> **Requirement**
In the entries below, which lines run from the one with "Lafayette 148 New" through the one with "Chic Elegant Poodle"? Repeat exactly those, both included, and no pictures.

> **Provided information**
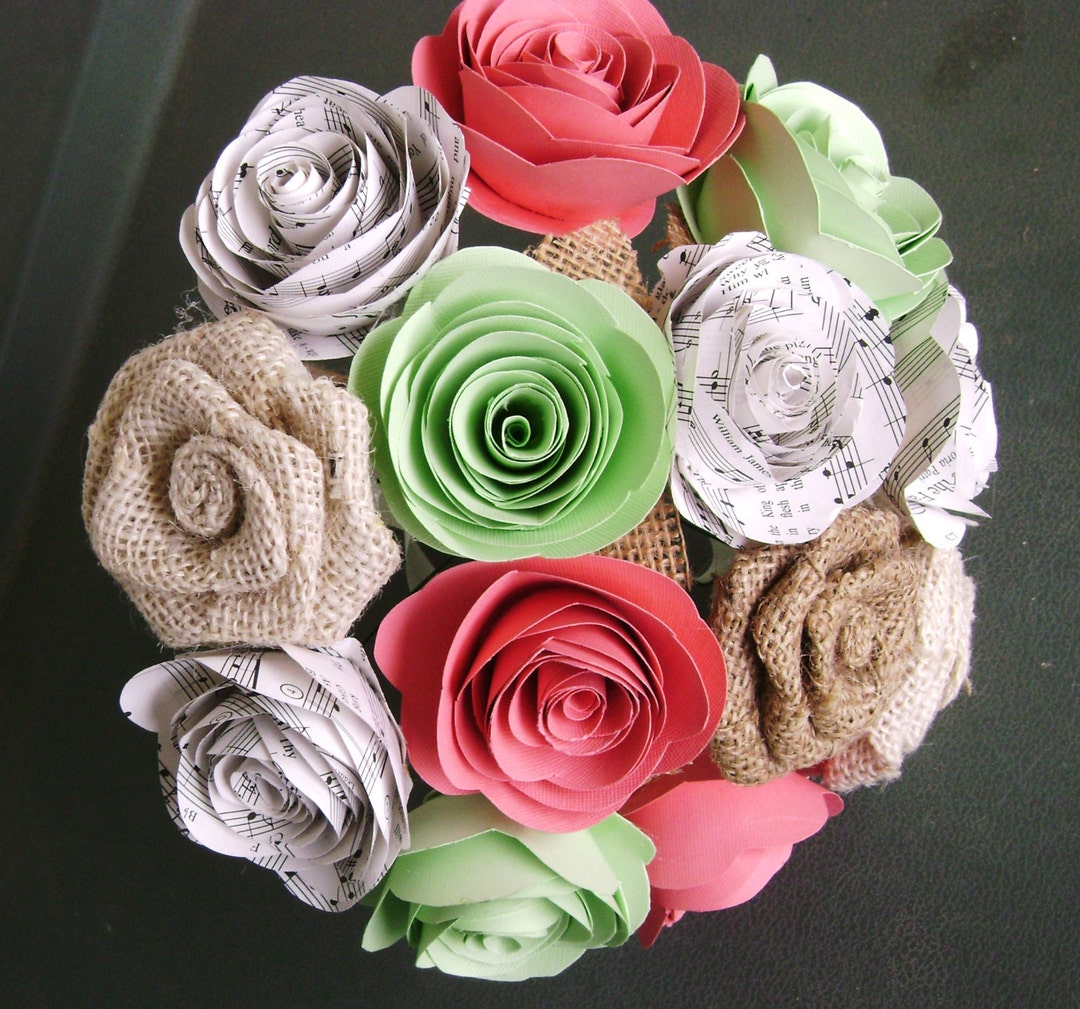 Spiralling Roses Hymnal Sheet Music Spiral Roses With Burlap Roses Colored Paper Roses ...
==
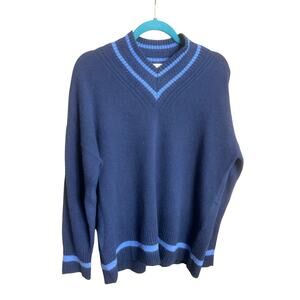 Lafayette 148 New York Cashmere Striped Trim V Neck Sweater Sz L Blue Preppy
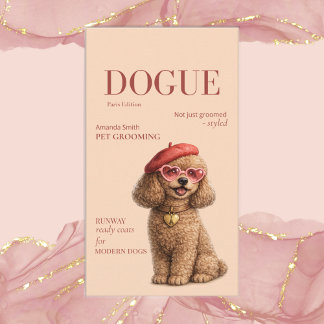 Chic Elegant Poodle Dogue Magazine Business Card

> **Answer area**
 Lafayette 148 New York Cashmere Striped Trim V Neck Sweater Sz L Blue Preppy
 Chic Elegant Poodle Dogue Magazine Business Card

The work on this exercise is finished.